日本語練習虫

旧はてなダイアリー「日本語練習中」〈http://d.hatena.ne.jp/uakira/〉のデータを引き継ぎ、書き足しています。

コマ割り絵本と絵物語のアンチゴチ

コマ割りマンガとアンチゴチのなれそめの頃を探していくうちに、大正から昭和戦前期にかけての、絵本とマンガの中間的な存在が今のマンガにつながる貴重な存在だったと思はれてくる。
例へば国立国会図書館国際子ども図書館の絵本ギャラリーにある 『コドモノクニ』ギャラリーなどを眺めて気づくように、大正から昭和初期にかけての絵本において、幼児向けの作品の場合はテキストをカタカナで綴り(ごく僅かに漢字も混ぜ)「太字」で刷っておき、やや年長向けの作品の場合はテキストを漢字ひらがな混じりで綴り「細字」で刷っておくのが基本的な作法だった模様。
錚々たる執筆陣のおかげで各地の「近代文学館」などに所蔵されてゐたりする『コドモノクニ』は、印刷を秀英舎がやってゐたから、例えば仙台近代文学館が所蔵する昭和二年一月号の北原白秋「すべり橋」(画・清水良雄)の場合本文は現在「秀英四号」と呼ばれるところの「四号明朝(=細字)」であり、同じ一月号の葛原しげる「ニイサン キタ ナ」(画・岡本喜一)の場合本文は現在「アンチック体」と呼ばれるところの「四号太字」である(カラーでお見せできないのが残念だ)。

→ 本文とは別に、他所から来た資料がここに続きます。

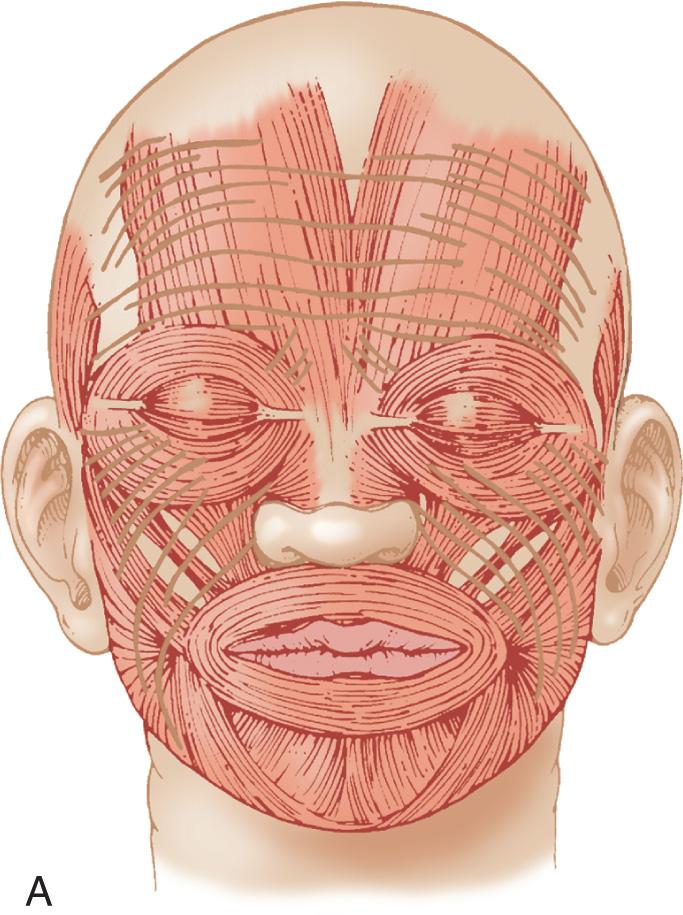 Figure 3.25, Design of facial skin incisions. A , The facial skin lines are at right angles to the underlying muscles of facial expression. B , Elliptical incisions along the facial skin lines produce optimal cosmetic results.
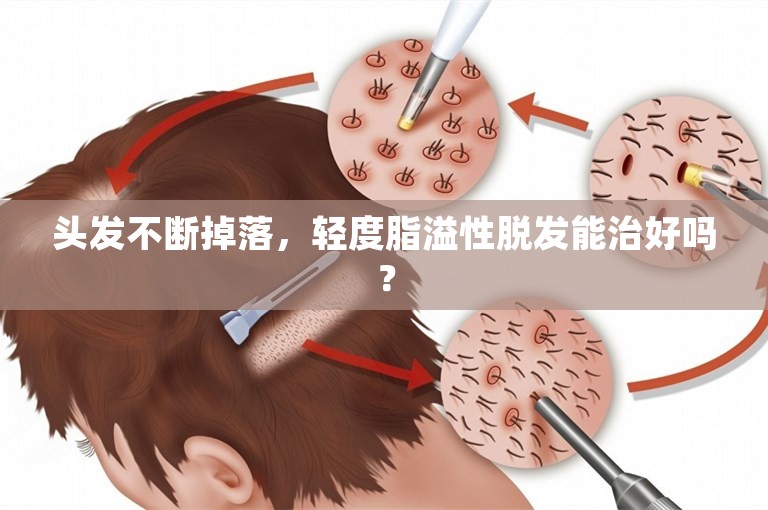 头发不断掉落，轻度脂溢性脱发能治好吗？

ゆず屋さんのUST「アンチゴチのおはなし」00:27:00頃に触れられてゐた製文堂の(推定)明治二十九年活字見本帖掲載「太字」の件なんだども。後に明治四十四年凸版印刷見本帖でアンチックと呼ばれることになる仮名書体と後に自らゴシックと呼ぶことになる漢字書体が「太字」の名の下に共存してゐる点が、この見本帖のキモだと己は思ってゐる。
せっかく秀英舎にからめつつアンチゴチのお話をするなら、見本帖上も実際上も「太字」「細字」の区別であった頃に今言ふ「アンチゴチ」が成立するんだってことを言っておけば良かったのにと、残念に思ふ己。
……
さて、基本的には幼児向けが太字・カタカナのテキストで、年長向けが細字・漢字ひらがな混じりのテキストではあるんだども、これまた仙台近代文学館が所蔵する『幼年倶楽部』昭和四年十一月号の新関青花「オ月見」と宮尾しげを「コロ/\三郎」のように、「コマ割り絵本」風の新関「オ月見」が「太字」の漢字カタカナ混じりテキストであるのに対して「絵物語」風の宮尾「コロ/\三郎」が「細字」の漢字カタカナ交じりテキストであるなど、色々と考へながら調べるべきことが多い。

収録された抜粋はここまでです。